An agent can do the work and still lose your trust.

The complaint was simple, and it kept coming back. "I can't see the agent doing anything."

The agents were helping HOFMI's ministry team with real tasks: looking things up, working through files, coming back with the right answer. From our side, everything looked healthy. From the user's side, it was a chat box that went quiet for a few seconds and then produced a reply out of nowhere.

That quiet is the whole problem. Imagine asking someone a hard question and they stare at the wall, say nothing, and then hand you an answer. Even if the answer is right, you don't quite trust it. You didn't see them do the thinking. An agent that works in silence looks exactly the same as an agent that is guessing. Trust does not last long in that state.

The work was happening. The proof wasn't getting through.

So we set out to give the user a small, honest sign of life: a little label, each time the agent uses one of its tools, that says what it did.

The careful part was deciding how much that label should reveal. The tempting move is to show everything (the full command, the full result, the lot) and then add a separate step that scrubs out anything private before it reaches the screen. We didn't do that.

The label carries only the name of the tool and whether it worked. Nothing private is in it, because nothing private was ever put in it.

Each label says three things and only three: which tool ran, whether it succeeded, and how long it took. Not what it looked at. Not what it found. That choice does more than tidy the screen. A scrubbing step is a permanent liability: every new tool is one more thing it has to remember to hide, and the day it forgets is the day something leaks. If the private detail never goes into the label, there is nothing to scrub and nothing to leak. The user gets enough to trust the work. The screen carries nothing it shouldn't.

The bug that hid the fix

Here is the part that cost us more than the rest.

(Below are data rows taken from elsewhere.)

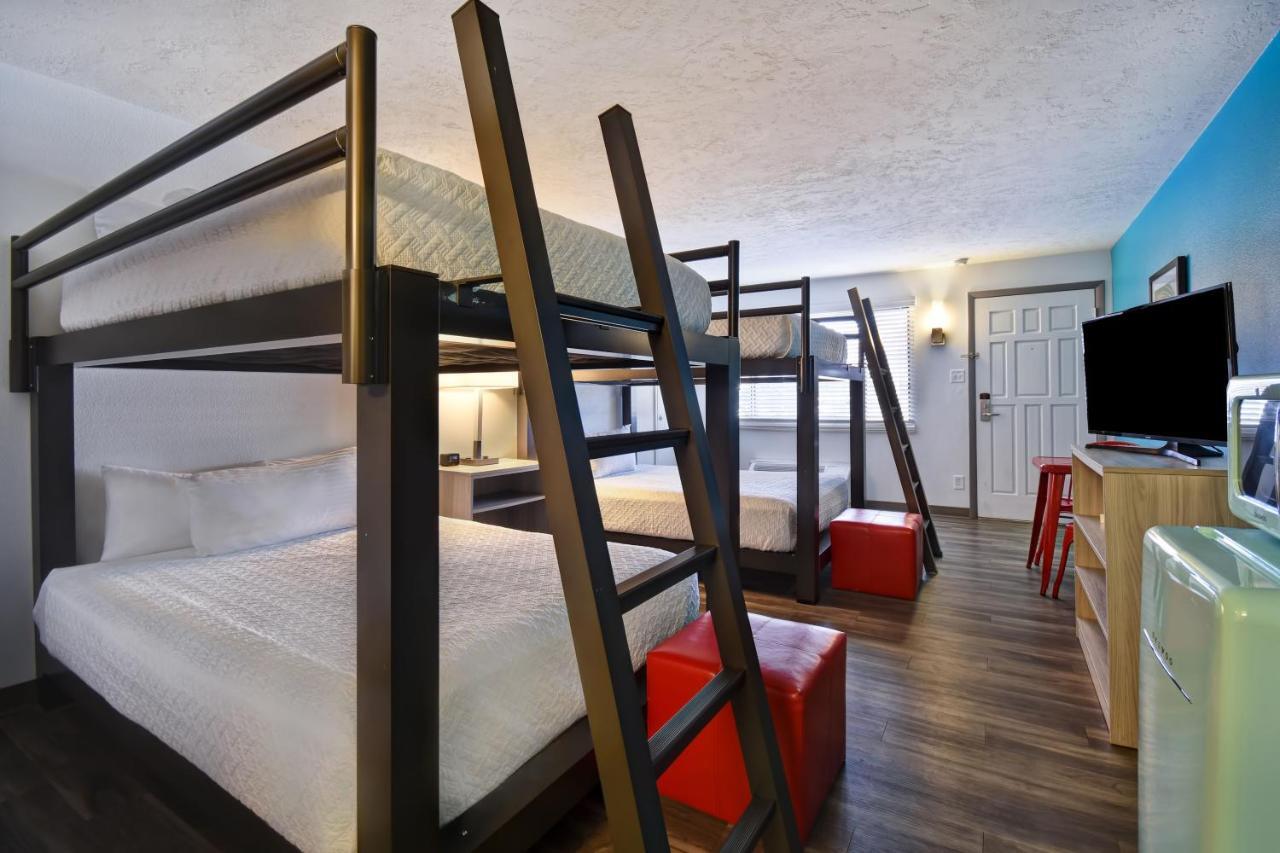 Double Queen w or Queen Bunk Beds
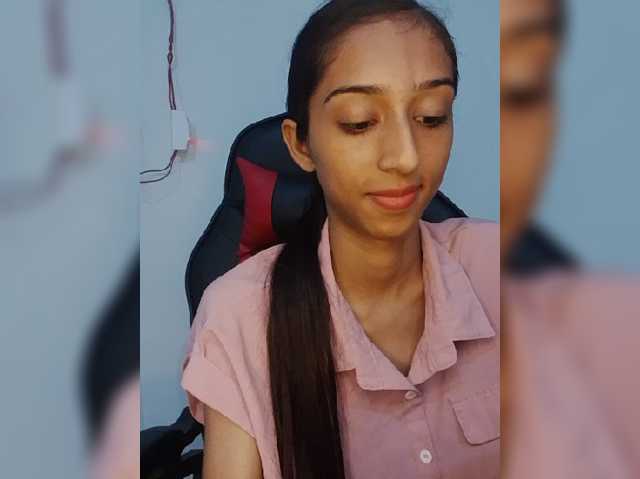 AlinaPopy live cam on BongaCams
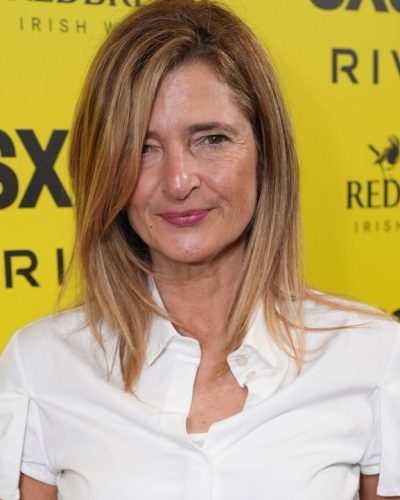 Gina Mingacci stuns in stylish look at premiere 2026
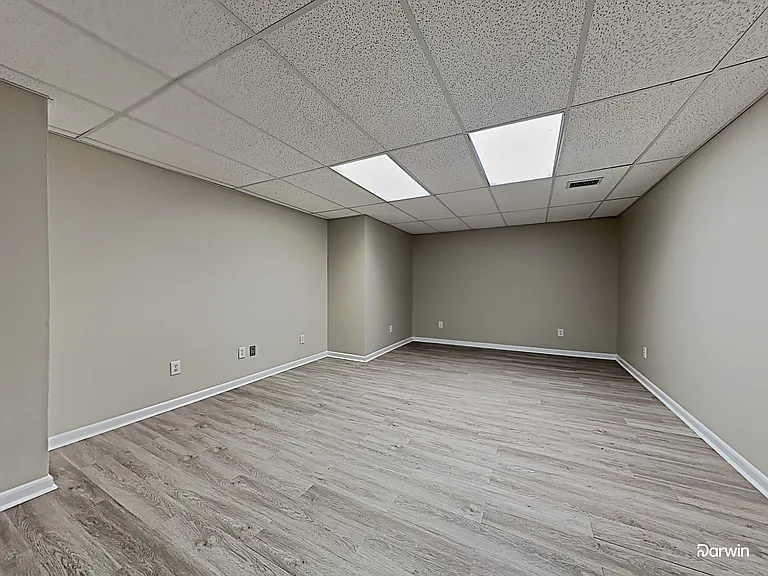 1729 Russet Crest Cir — Photo 13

We built the label. We checked it. By every measure we could take, it was working, except the one that mattered: whether it actually appeared on the user's screen. It didn't. The work was done, shipped, and live, and the user still saw nothing.

The cause was an old copy. The app had quietly kept serving an outdated version of itself to anyone whose browser tab was already open, and it kept doing that no matter how many times we shipped the new version. Our fix was live; the browser was politely ignoring it and showing the stale copy instead.

Once we forced the app to let go of the old copy, the label appeared at last: a tool, run, succeeded, timed to the millisecond. The silence was gone.

The lesson is narrow and worth saying plainly. If a change is provably finished and yet provably invisible, suspect that an old copy is being served before you suspect your own work is broken. We now treat clearing that old copy as part of every release that touches what the user sees. Not an afterthought. It would have saved us a long, pointless hunt for a fix that was never broken.

Under the hood

Two agent shapes, one chat surface. We run two kinds of agent against the same chat. One streams its turn live and already had a path to surface tool activity. The other polls for work and posts a reply when it's done. That kind had no write path for tool traces, because it never holds an open stream. The most active agents on the platform were therefore the most opaque.

The trace path. The fix had two halves. First, an endpoint on our agent platform that accepts and persists a small trace array attached to each agent message. Second, a shim inside the runtime that asks the agent to run in streaming mode purely so it can read the tool-progress events as they fire, then attaches the resulting trace to the reply it posts.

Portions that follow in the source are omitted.